----- Provided data -----

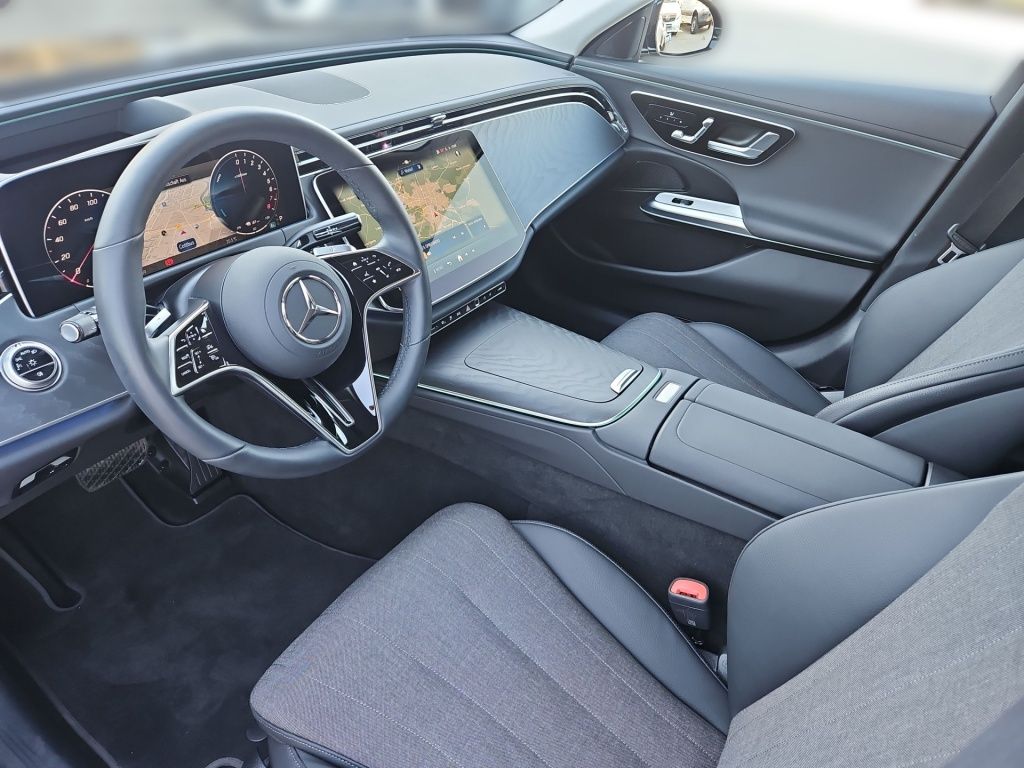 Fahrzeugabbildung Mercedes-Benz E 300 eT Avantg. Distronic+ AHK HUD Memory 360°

-----
----- Provided data -----

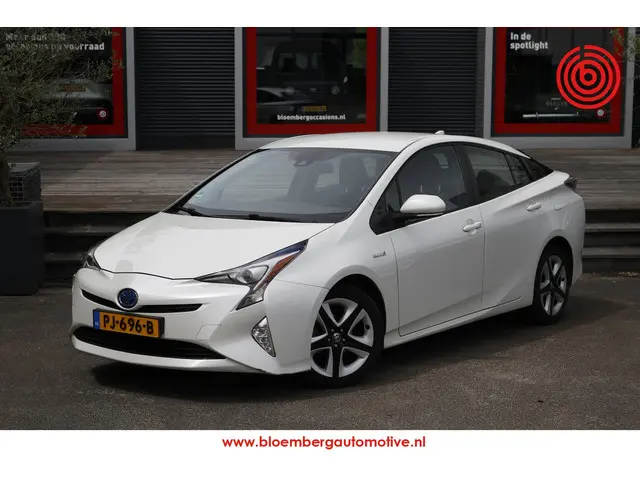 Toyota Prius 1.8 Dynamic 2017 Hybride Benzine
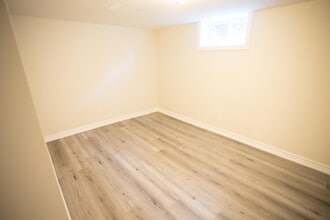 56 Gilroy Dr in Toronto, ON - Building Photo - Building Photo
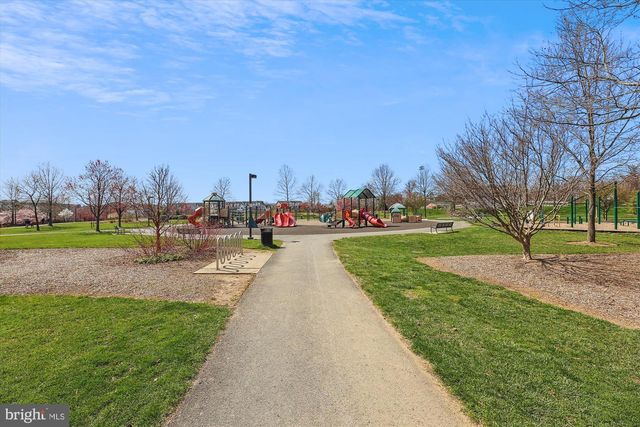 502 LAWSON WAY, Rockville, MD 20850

-----
----- Provided data -----

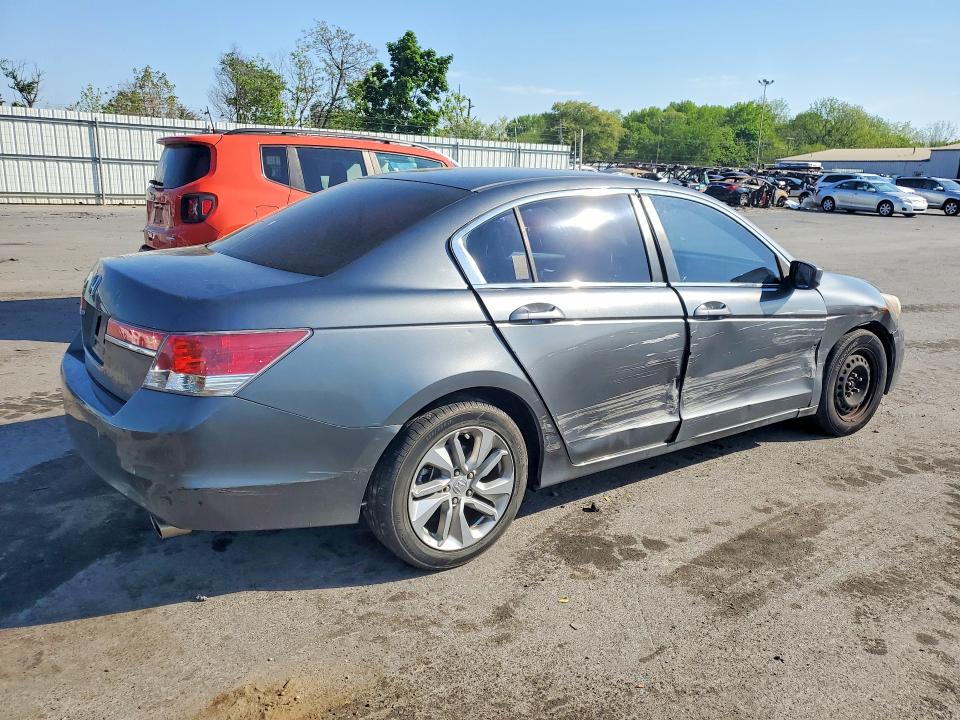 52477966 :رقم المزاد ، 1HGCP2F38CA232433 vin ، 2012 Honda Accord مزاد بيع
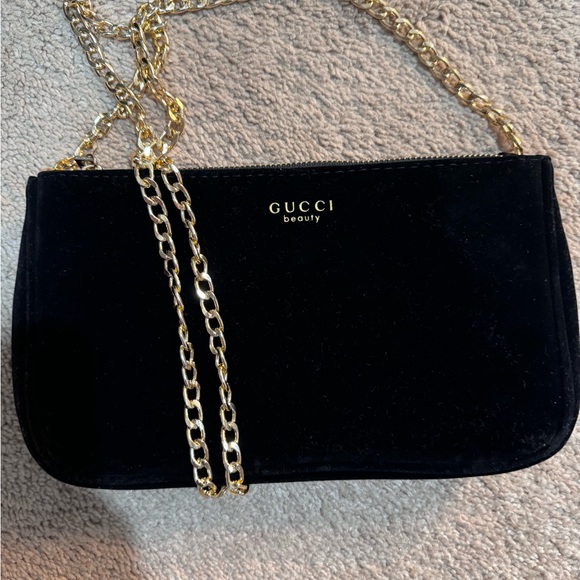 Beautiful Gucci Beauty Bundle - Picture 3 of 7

-----

Look through the listing above for the line with "56 Gilroy Dr" and the line with "502 LAWSON WAY, Rockville, MD 20850". Write out exactly those lines and everything between, leaving out pictures.

Problem solution:
 56 Gilroy Dr in Toronto, ON - Building Photo - Building Photo
 502 LAWSON WAY, Rockville, MD 20850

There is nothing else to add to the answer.